And then the door clicked open and Omashi’s sharp-pitched voice came sailing into the bar. “Did you assholes hear Hatake just took out his own goddamn office?”
A half dozen heads whipped up, attention on this exciting new development
Genma met Raidou’s eye and cringed. He hunkered low over his beer, hoping to escape Omashi’s notice, but it was too late.
“Wait, Six is here.” Omashi arrowed for their table. “Namiashi, what the ever-fucking fuck?”
Raidou, bless his soul, stonewalled with solid basalt. “Nope.” He met Omashi’s eye and took a pointed sip of beer.
“Come on,” Omashi protested. “Your office is a fucking crime scene and—” He seemed to notice Genma for the first time. “Hi, Shiranui.”
Genma gave him a pained nod.
“There were at least a dozen witnesses so you may as well spill,” Omashi continued. “Sunada said all four of you came out of Sagara’s office looking like you’d had raw ginger enemas right before your rookies tried to kill each other—”

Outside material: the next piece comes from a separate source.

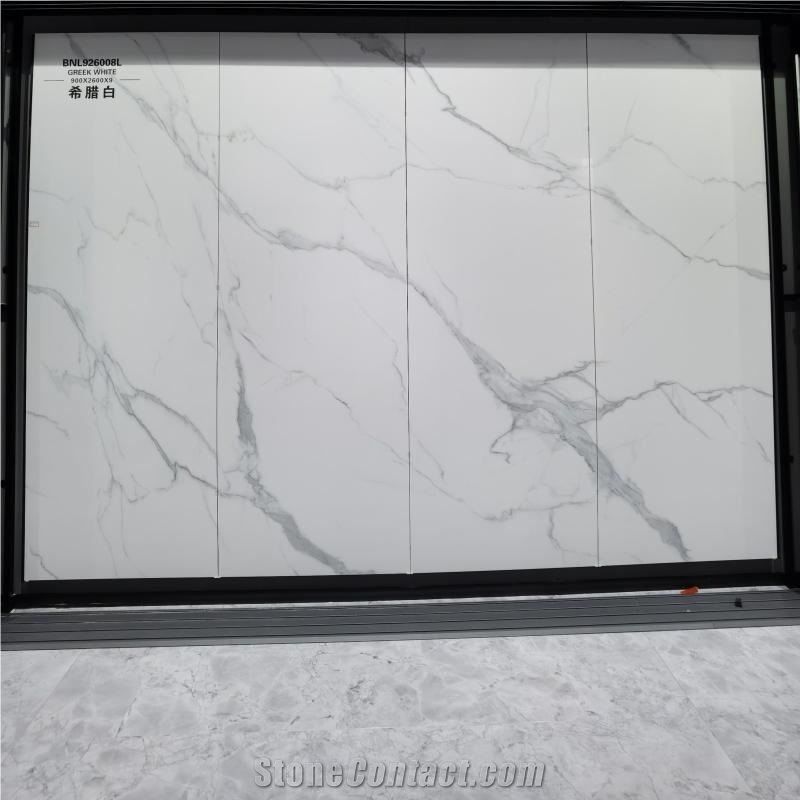New White Wall Floor Sintered Stone Slabs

Raidou planted a fist on the table. “We are not discussing it.” Every word was lead-plated.
They had an audience now. The violet-haired woman and her teammates. All of Team 23. Omashi’s lieutenant, Kobayashi Sei, who slid a beer into Omashi’s hand as she arrived.

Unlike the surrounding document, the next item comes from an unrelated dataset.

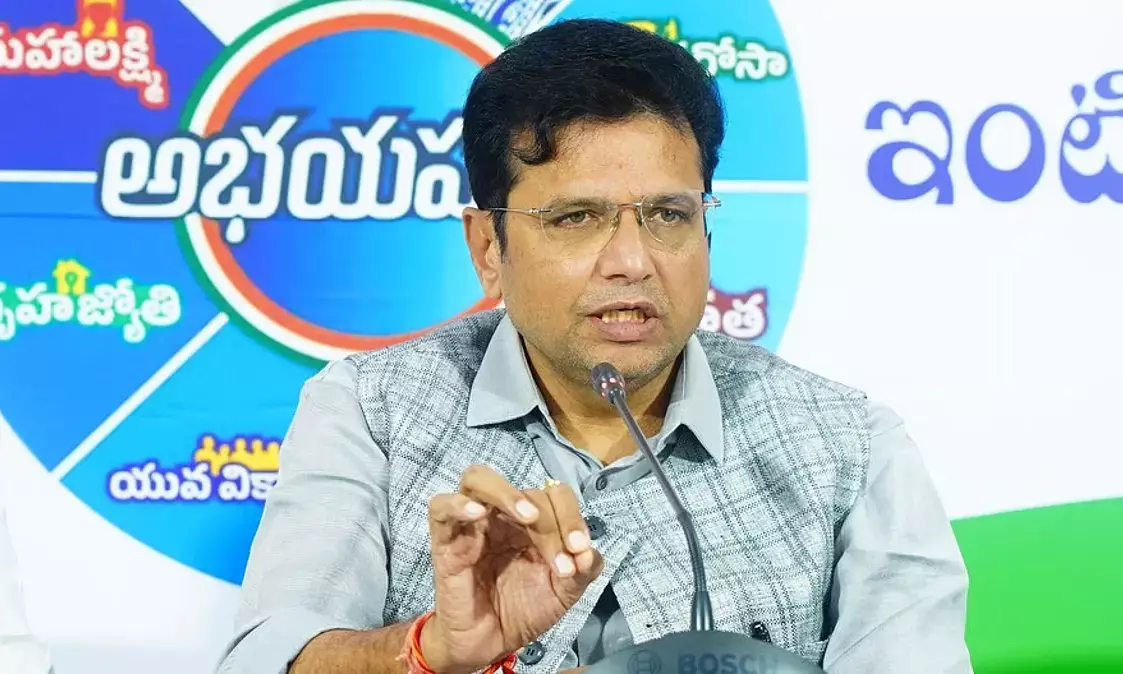 KTR Should Speak Facts Rather than Making Baseless Allegations: Sridhar Babu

“Shiranui, you tell us, then,” Omashi commanded.
“Can you please, just for today, fuck off and let it drop, Omashi?” Genma muttered.
Omashi stared at Genma, eyes wide in surprise. “Hey,” he said, contrite, “I just meant—”
Morioka, captain of Team 23, reached over to give Genma a sympathetic pat on the shoulder. “Ignore him,” she said. “Omashi, read the room for once. They don’t want to talk about it.”
“Nope,” Raidou said, more agreeably. “We want to drink about it.”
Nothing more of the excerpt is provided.